In my opinion, a sound reason exists which justifies the denial of the petitioner’s application for extraordinary relief in the nature of a writ of coram nobis. Simply stated, the petitioner has not shown good cause for his earlier failures to seek appropriate relief either at his court-martial, during the normal appellate process, or by means of a petition for new trial. See United States v. Morgan, 346 U.S. 502, 512, 74 S.Ct 247, 98 L.Ed. 248 (1954); Wright, Federal Practice and Procedure, Criminal § 592 nn. 60, 62 (1969). The petitioner knew of the facts and circumstances surrounding his enlistment. He was represented by counsel at his court-martial and during its appellate process; legal advice was available to him thereafter while confined. The decision in United States v. Russo, 1 M.J. 134 (C.M.A.1975), was handed down some four months before his court-martial. In the absence of any demonstration of inadequate assistance of counsel, the Navy Court of Military Review did not abuse its discretion in denying coram nobis relief.

Several additional comments are necessary in light of Judge Cook’s opinion. First, a case for coram nobis relief does not fail simply on the ground that no evidence of the jurisdictional defect appeared in the record of trial.1 Gallagher v. United States, 22 U.S.C.M.A. 191, 46 C.M.R. 191 (1973), a decision granting coram nobis relief, creates no such general rule for the denial of extraordinary relief of this nature.
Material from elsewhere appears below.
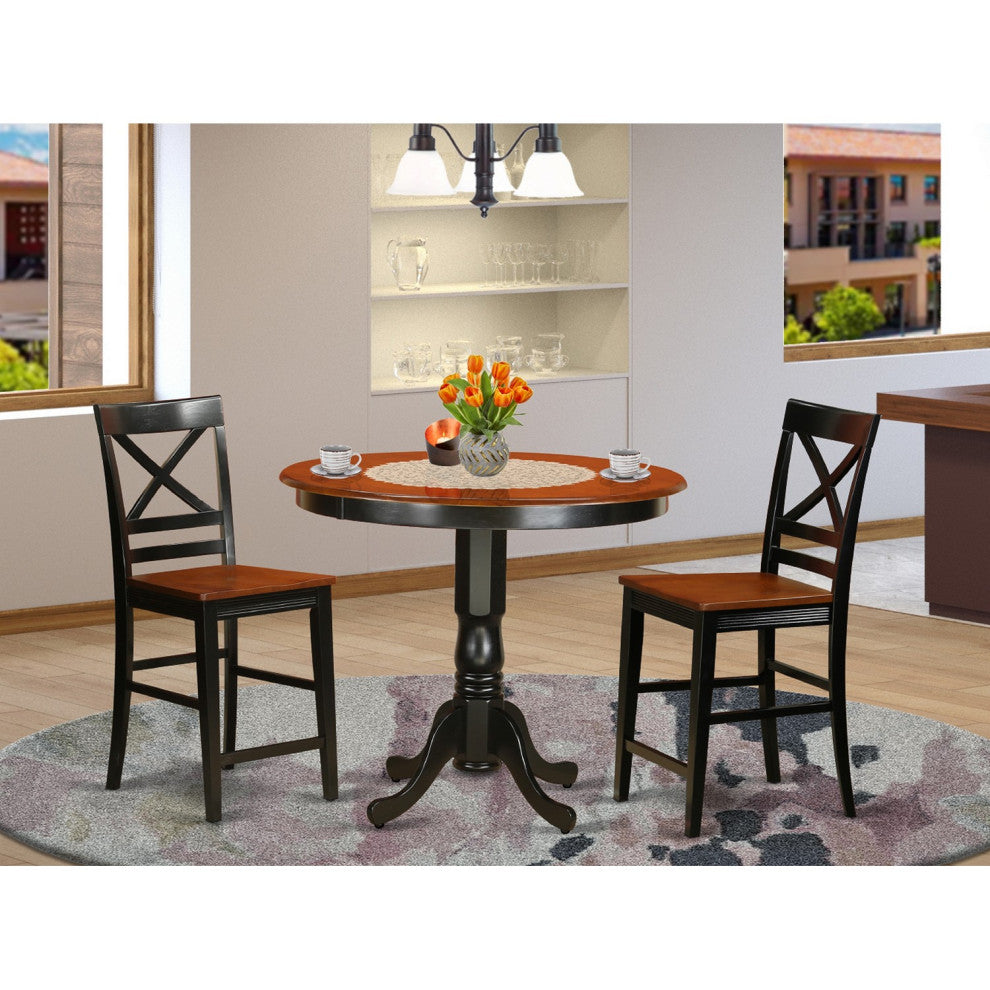 3 Pc Counter Height Pub Set -Pub Table And 2 Bar Stools With Backs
The decision in McPhail v. United States, 1 M.J. 457 (C.M.A.1976), is not to the contrary. There, coram nobis relief was found inappropriate because, at the time the Court considered the petitioner’s original application for extraordinary relief, no error existed to be misperceived. Second, after the time has expired for a petition for a new trial, military practice may still permit the reopening of an already final court-martial on certain issues where the petitioned court in the military justice system originally had vested2 jurisdiction over the ease and good cause3 is shown by the petitioner for seeking further review.

. United States v. Morgan, 346 U.S. 502, 508, 74 S.Ct. 247, 98 L.Ed. 248 (1954); United States v. Mayer, 235 U.S. 55, 35 S.Ct. 16, 59 L.Ed. 129 (1914); Mathis v. United States, 246 F.Supp. 116, 118 (E.D.N.C.1965), cited with approval in Del Prado v. United States, 23 U.S.C.M.A. 132, 48 C.M.R. 748 (1974). See generally 7 Moore’s Federal Practice § 60.14 (1979).

. Compare Del Prado v. United States, supra, and Gallagher v. United States, 22 U.S.C.M.A. 191, 193, 46 C.M.R. 191, 193 (1973), with Allen v. United States, 21 U.S.C.M.A. 288, 45 C.M.R. 62 (1972).

. Compare Del Prado v. United States, supra, and Gallagher v. United States, supra, with Hendrix v. Warden, 23 U.S.C.M.A. 227, 49 C.M.R. 146 (1974).